Problem requirements: For this exercise, reproduce only the lines from the one holding "什么时候送孩子上幼儿园合适？3岁上和4岁上区别很大，家长要重视" through the final line of the data below, exactly, and omit pictures.

Information:
══════════════════════════════

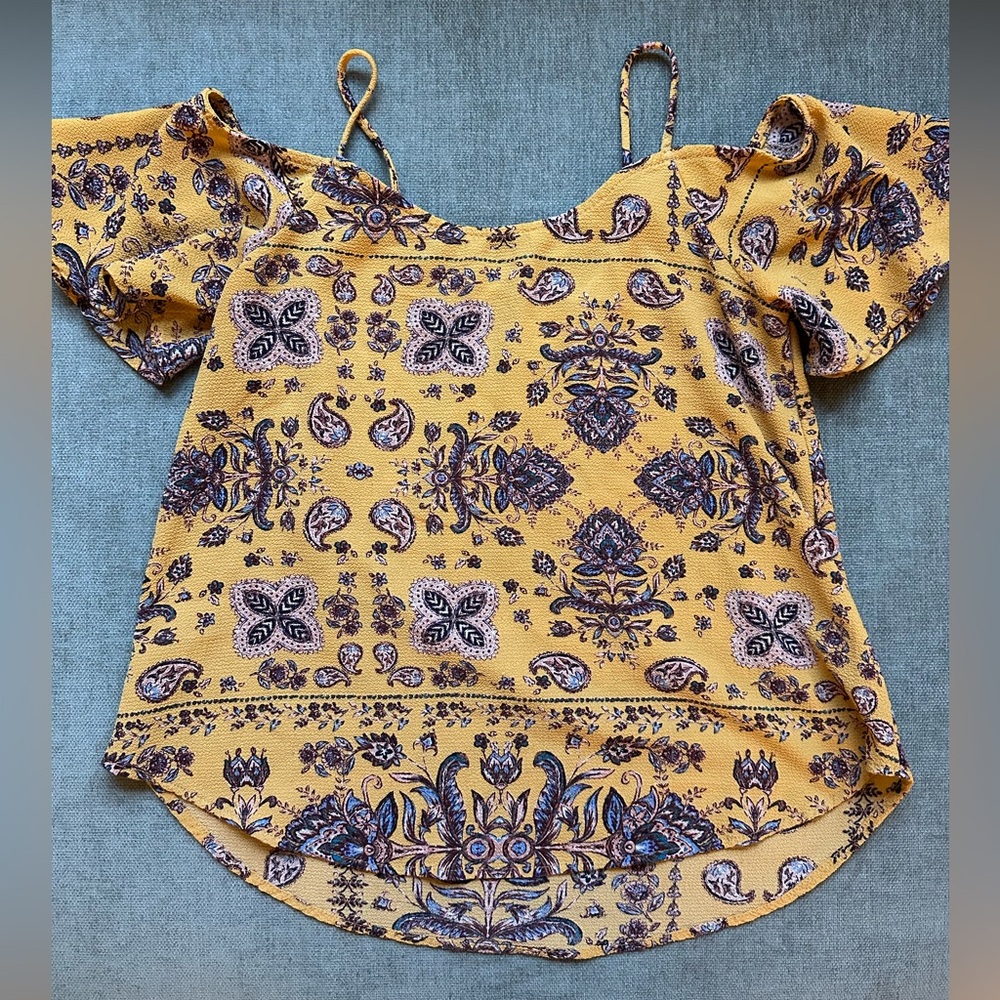 Yellow and Blue Off-Shoulder Flutter Sleeve Top
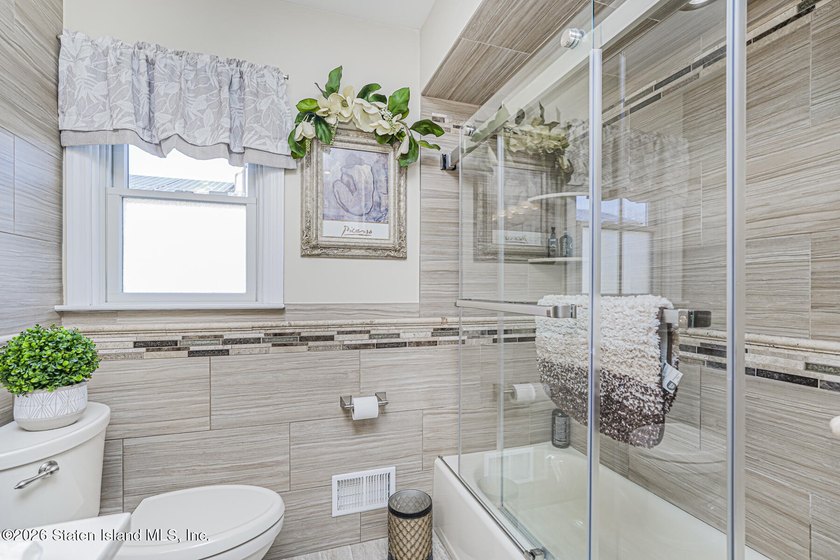 Welcome to 281 Thomas Street, located in the heart of beautiful - photo 29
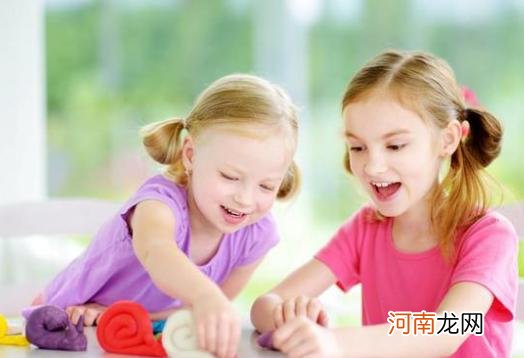 什么时候送孩子上幼儿园合适？3岁上和4岁上区别很大，家长要重视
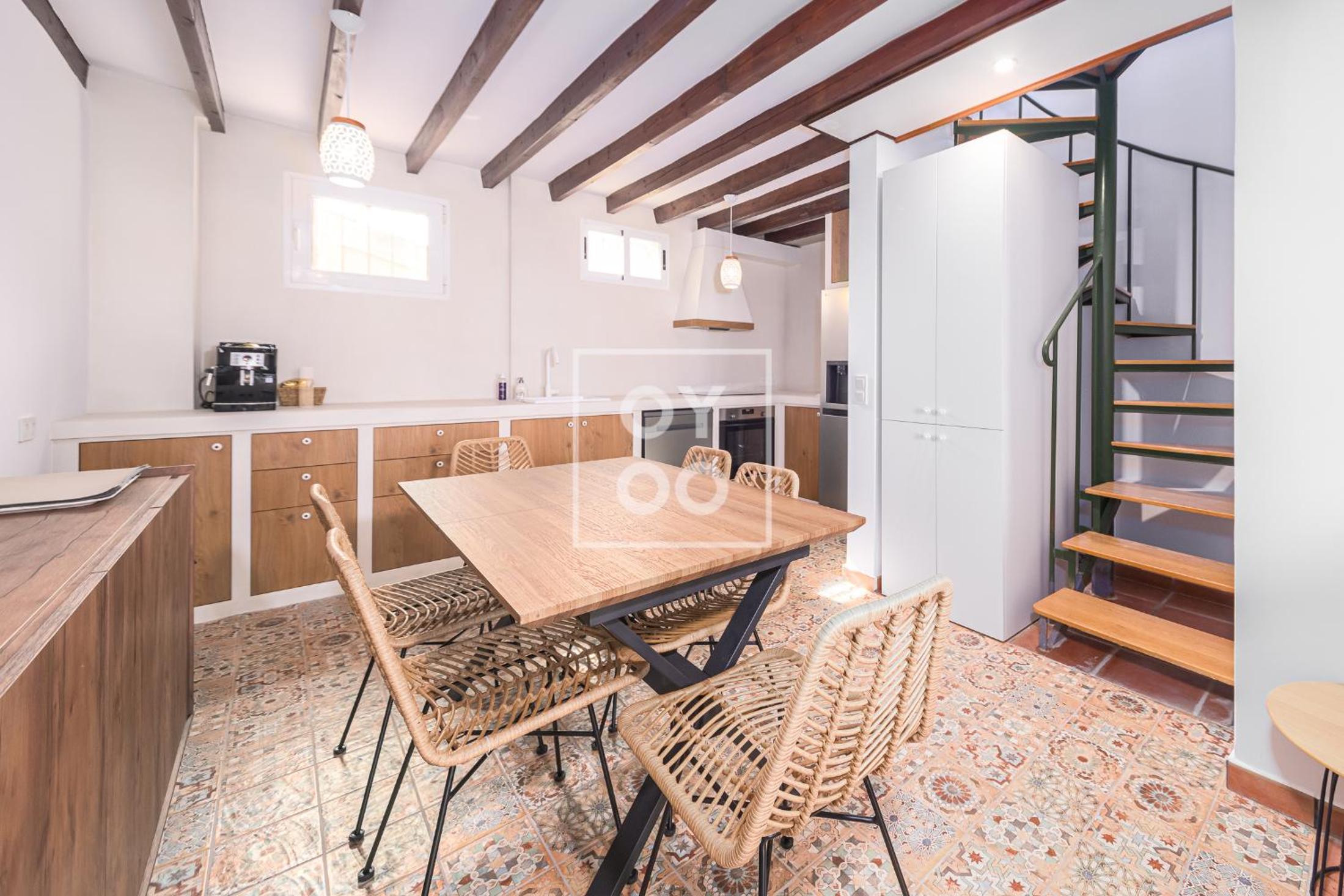 Luz del Faro, apartment in historic townhouse with sea view - by OYOOSTAYS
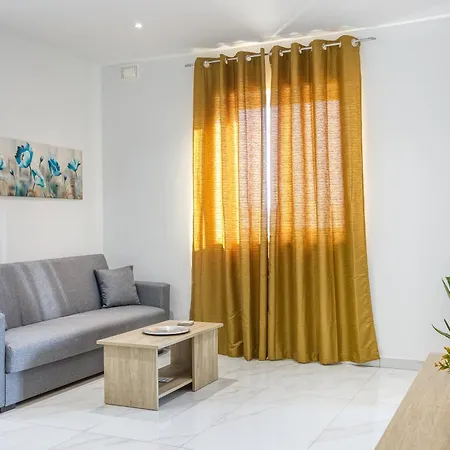 Cosy 2br Penthouse With Private Terrace In By 360 Estates Zabbar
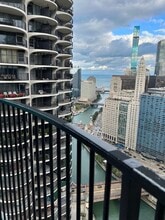 300 N State St in Chicago, IL - Building Photo - Building Photo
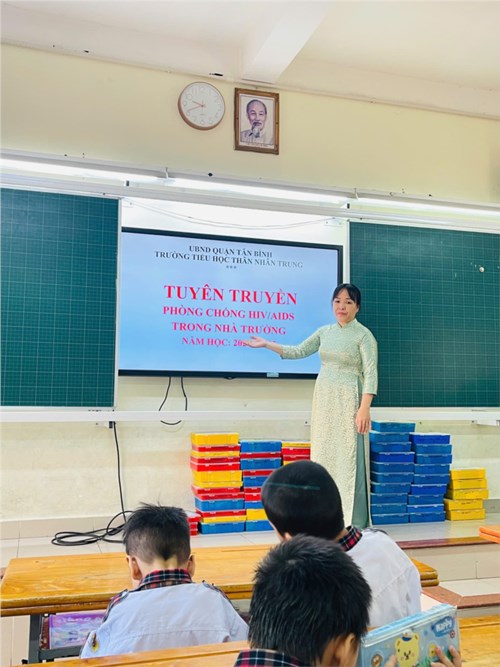 Liên đội trường Tiểu học Thân Nhân Trung đã tổ chức Truyền thông phòng chống HIV/AIDS trong nhà trường năm học 2024 - 2025.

══════════════════════════════

Answer box:
 什么时候送孩子上幼儿园合适？3岁上和4岁上区别很大，家长要重视
 Luz del Faro, apartment in historic townhouse with sea view - by OYOOSTAYS
 Cosy 2br Penthouse With Private Terrace In By 360 Estates Zabbar
 300 N State St in Chicago, IL - Building Photo - Building Photo
 Liên đội trường Tiểu học Thân Nhân Trung đã tổ chức Truyền thông phòng chống HIV/AIDS trong nhà trường năm học 2024 - 2025.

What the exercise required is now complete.